University of Missouri Press
- Parent company: University of Missouri
- Founded: 1958
- Founder: William Peden
- Country of origin: United States
- Headquarters location: Columbia, Missouri
- Distribution: Chicago Distribution Center (US) Scholarly Book Services (Canada) East-West Export Books (Asia, the Pacific) The Eurospan Group (Europe)
- Publication types: Books
- Official website: press.umsystem.edu

= University of Missouri Press =

American university press

The University of Missouri Press is a university press operated by the University of Missouri in Columbia, Missouri and London, England; it was founded in 1958 primarily through the efforts of English professor William Peden. Many publications are by, for, and about Missourians. The press also emphasizes the areas of American and world history; military history; intellectual history; biography; journalism; African American studies; women's studies; American, British, and Latin American literary criticism; political science; regional studies; and creative nonfiction.
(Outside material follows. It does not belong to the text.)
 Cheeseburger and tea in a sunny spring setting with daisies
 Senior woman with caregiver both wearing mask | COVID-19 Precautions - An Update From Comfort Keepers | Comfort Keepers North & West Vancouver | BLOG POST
The press has published 2,000 books and publishes about 30 mostly academic books a year.

==Notable publications==
Among its notable publications were:
- Collected works of Langston Hughes
- Collected works of Eric Voegelin
- Robert H. Ferrell's Give 'em Hell, Harry series about Harry Truman

==Series==
- Studies in Constitutional Democracies, edited by Jeffrey L. Pasley and Jay K. Dow
- Journalism in Perspective: Continuity and Disruptions, edited by Tim P. Vos and Yong Z. Volz
- The American Military Experience Series, edited by John C. McManus.
- The Collected Works of Langston Hughes
- The Collected Works of Eric Voegelin
- The Eric Voegelin Institute Series in Political Philosophy
- The Give 'Em Hell Harry Series, edited by Robert H. Ferrell.
- The Mark Twain and His Circle Series, edited by Tom Quirk.
- The Missouri Biography Series, edited by William E. Foley.
- The Missouri Heritage Readers Series, edited by Rebecca B. Schroeder.
- The Shades of Blue and Gray Series, edited by Herman Hattaway, Jon Wakelyn, and Clayton E. Jewett.
- The Sports and American Culture Series, edited by Roger Launius.
- The Southern Women Series, edited by Theda Perdue, Betty Brandon, and Virginia Bernhard.
- The Paul Anthony Brick Lectures, which include works by John Hope Franklin and Sissela Bok.

==Reorganization==
The university proposed in spring 2012 to close the press and terminate its ten employees in order to end the university's subsidy to the press, estimated by the university administration as $400,000 per year and by outside critics of the closure decision as under $250,000 a year. The decision was reversed in August 2012 after public outcry. As part of the reorganization the press now reports up to the main Columbia campus rather than the University of Missouri System. A new director was hired in 2013.